Judith HeumannNM: The ADA turns 30 this year. Did you think we’d be further along by now, and where do you think we’ll be when the ADA turns, say, 50?

JH: Quite frankly in the beginning I wasn’t thinking that far into the future. I didn’t think there would be this much advancement in this period of time because it felt like we were so far behind other movements in so many different ways. We were looking at the need to create organizations and develop principles like cross-disability, intergenerational, independent living, community integration … those were issues I thought about most prominently, not where we would be in 10, 20, 30 years.

Looking at that question today, I have a number of thoughts.

First, change takes a long time. On some level that’s kind of a trite thought, but when I think about the amount of work that has been done in my lifetime to advance the movement, we’ve made important progress but are still very far behind other movements. In part this is because other movements by and large don’t see us as a part of their movements.

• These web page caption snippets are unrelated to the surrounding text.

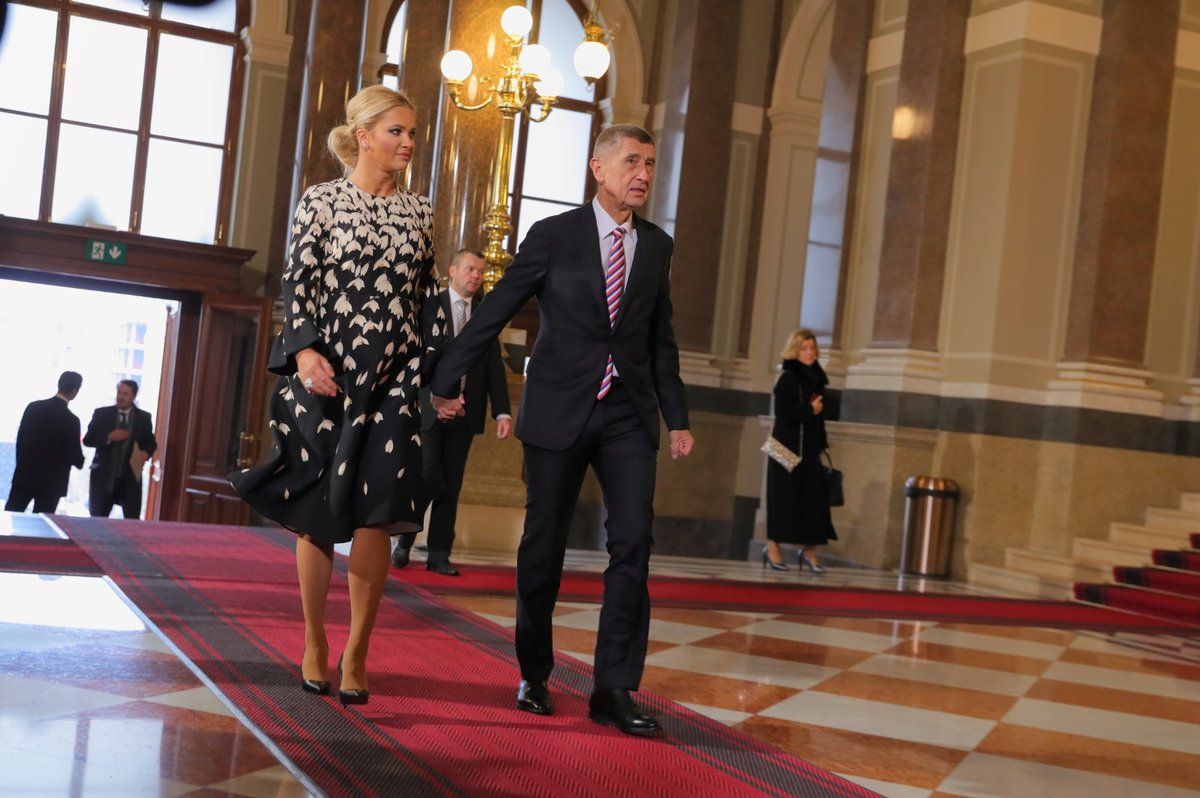Premiér Andrej Babiš (ANO) s manželkou Monikou v Národním muzeu (17. listopad 2019)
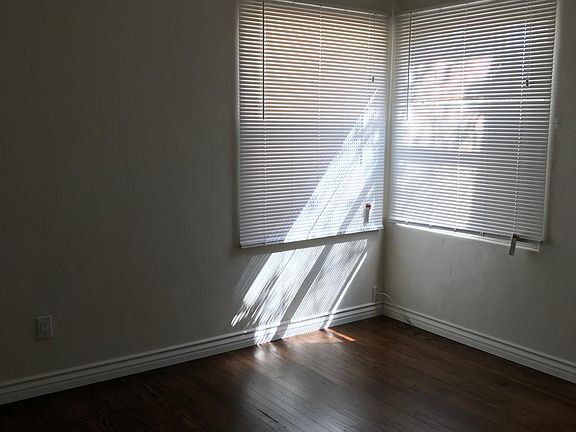 3rd image of 4535 Alice St
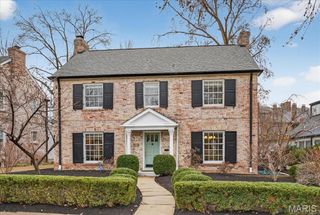 7632 Walinca Terrace, Clayton, MO 63105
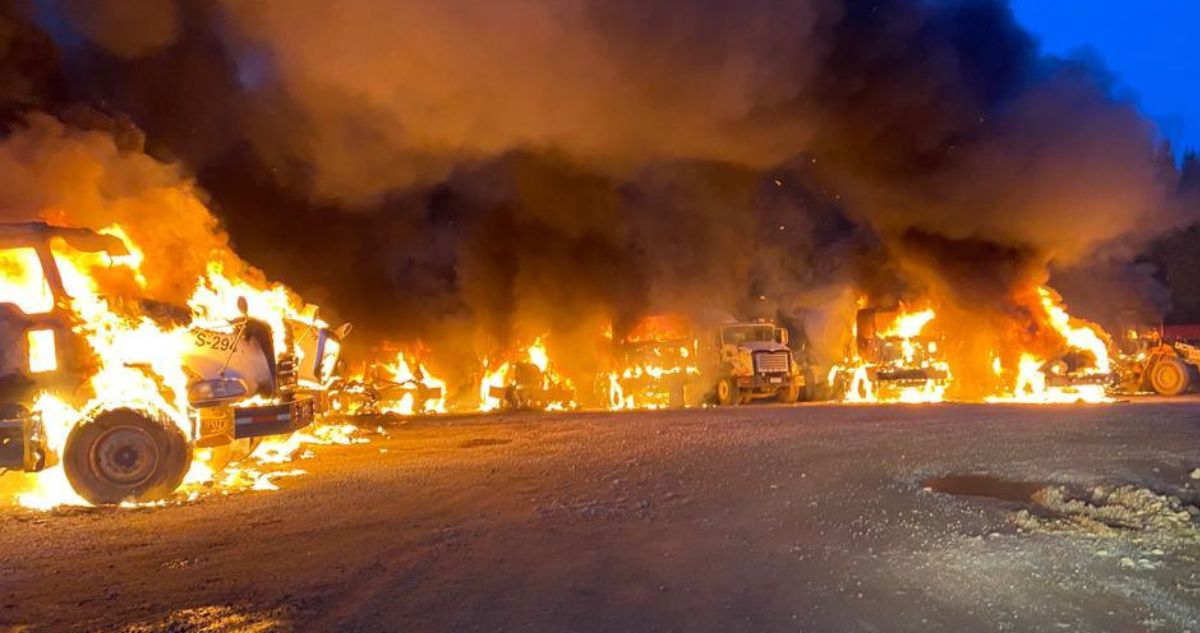 Ataque incendiario afecta a construcción de nuevo parque eólico en Los Ríos: 13 camiones quemados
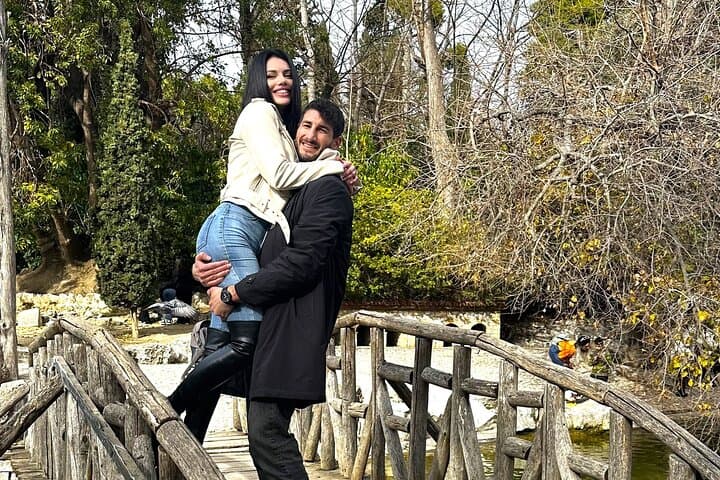 Athens Romantic Private Tour: Plaka, Anafiotika & Couples Hammam photo 5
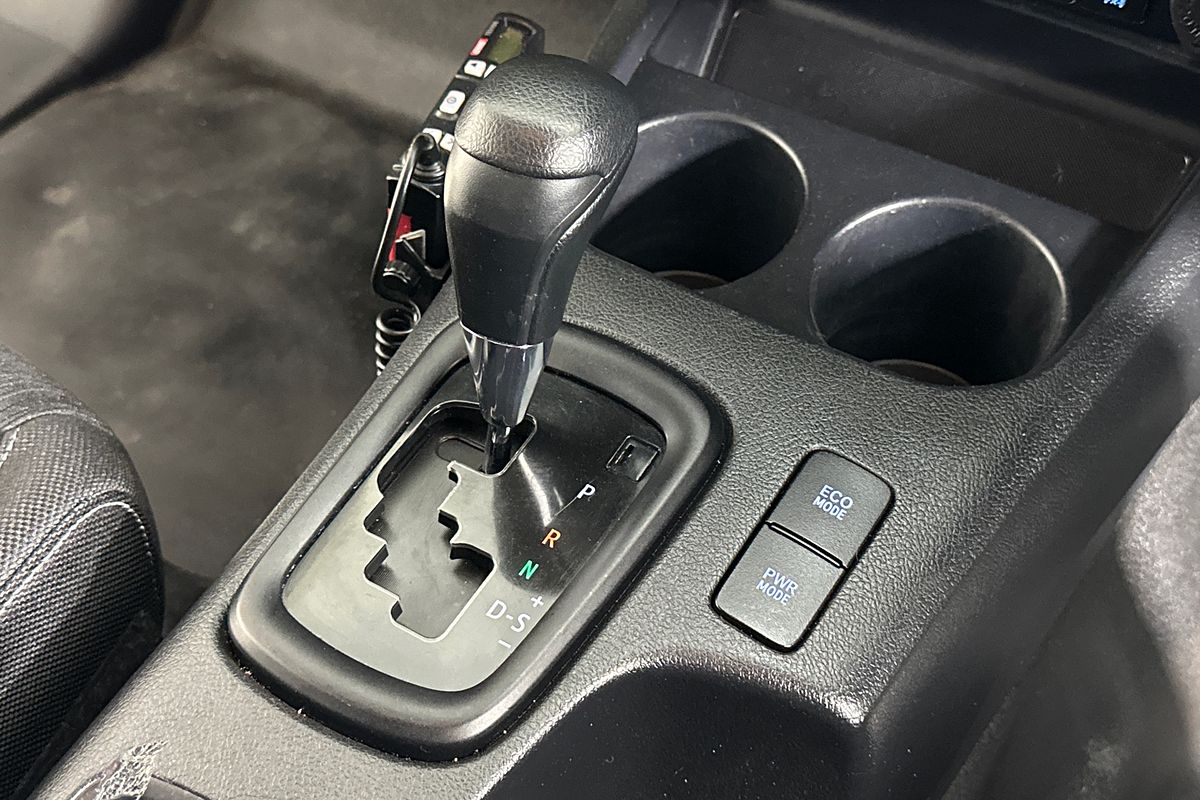 2021 Toyota HILUX SR (4x4) GUN126R FACELIFT 4X4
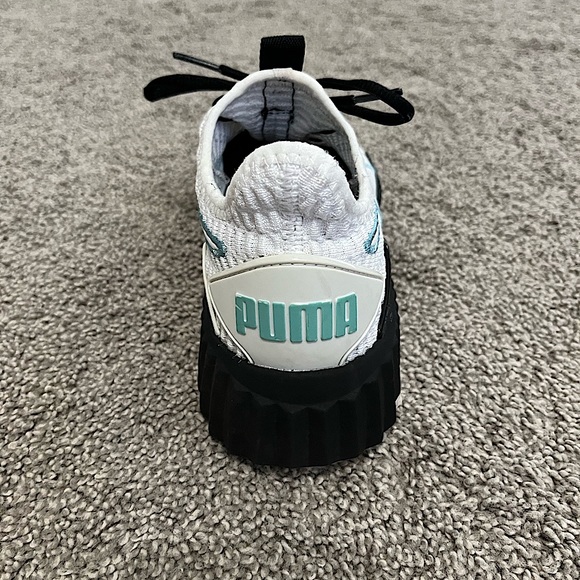 Puma women’s black, blue, and white mesh sneakers 🩵 - Picture 6 of 7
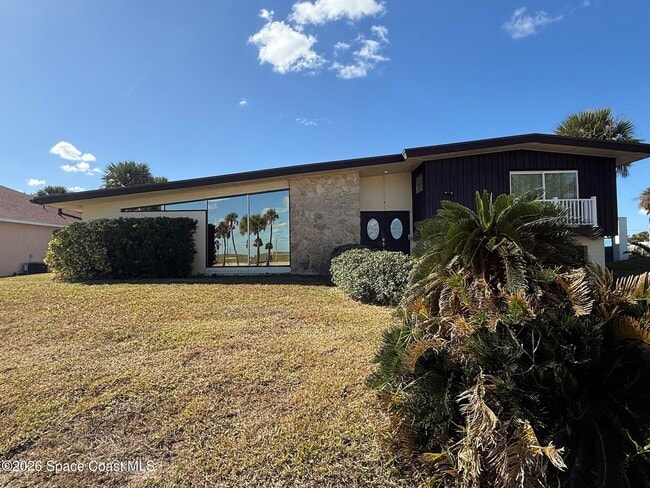 Building Photo - 1153 Belaire Dr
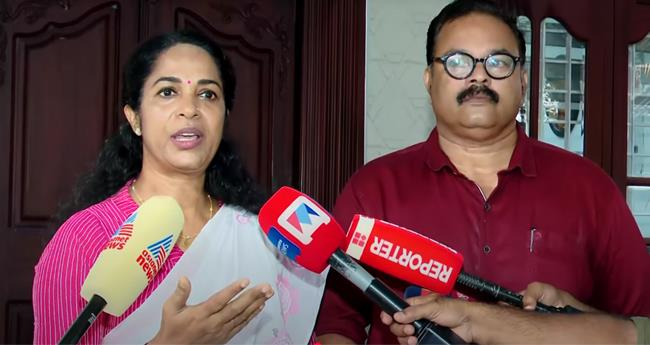 "ഒ​രു ബോം​ബ് വ​രു​ന്നു​ണ്ട്; ധൈ​ര്യ​മാ​യി ഇ​രി​ക്ക​ണ​മെ​ന്ന് പ്രാ​ദേ​ശി​ക കോ​ണ്‍​ഗ്ര​സ് നേ​താ​വ് പ​റ​ഞ്ഞു...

Judy with Senator Tom Harkin

Judy with Senator Tom Harkin

We’ve seen progress, not excellent, but good to very good, in physical access. But then you see New York City building subway stations that are not accessible and airline travel becoming more difficult, not less difficult.

Disabled students receiving quality education in integrated settings so they can participate in their community and not be marginalized is, in my view, pivotal. And employment is another critical issue. We need to ensure that people get the education they need to work in the work force of today and tomorrow.

It’s not just about today. If we’re not part of discussions about the future, we will lag behind. When you think of autonomous vehicles, if not for the fact we started getting involved early, I doubt there would even be a discussion about our issues, and we’re still not where we need to be.

We must be part of discussions about global warming so we can play a more meaningful role in the policies and practices that are being developed. It’s also important that disabled people be running for office in greater numbers.

NM: That is quite a comprehensive list of issues, and they’re all vital to our continued success. But if you were forced to pick one, where should we put our focus?

JH: Organizing. Expanding the movement. Getting people who don’t identify as disabled to understand that they have a disability and why it’s important for them to identify. Giving people the tools they need to effectively work with elected representatives and influence policy.

It’s important to allow disabled people opportunities to work with other people so they can grow a network that is fighting for equality. And not with just any one group, but to be able to fight for the rights of people across the board.

And we need to ask our own organizations, “Are you truly reflective of the breadth of people with disabilities from all backgrounds? How are you working collaboratively with other groups on the issues that are most important to you? Like a report card, how reflective is your board of directors and your staff of those you work with?”

We must work across disability, and being part of broader movements is so important. What’s important for nondisabled people is important for disabled people. We need to talk more effectively for others to see us supportive of the broader agenda of equality for all, and also demand that others see us as part of their movement.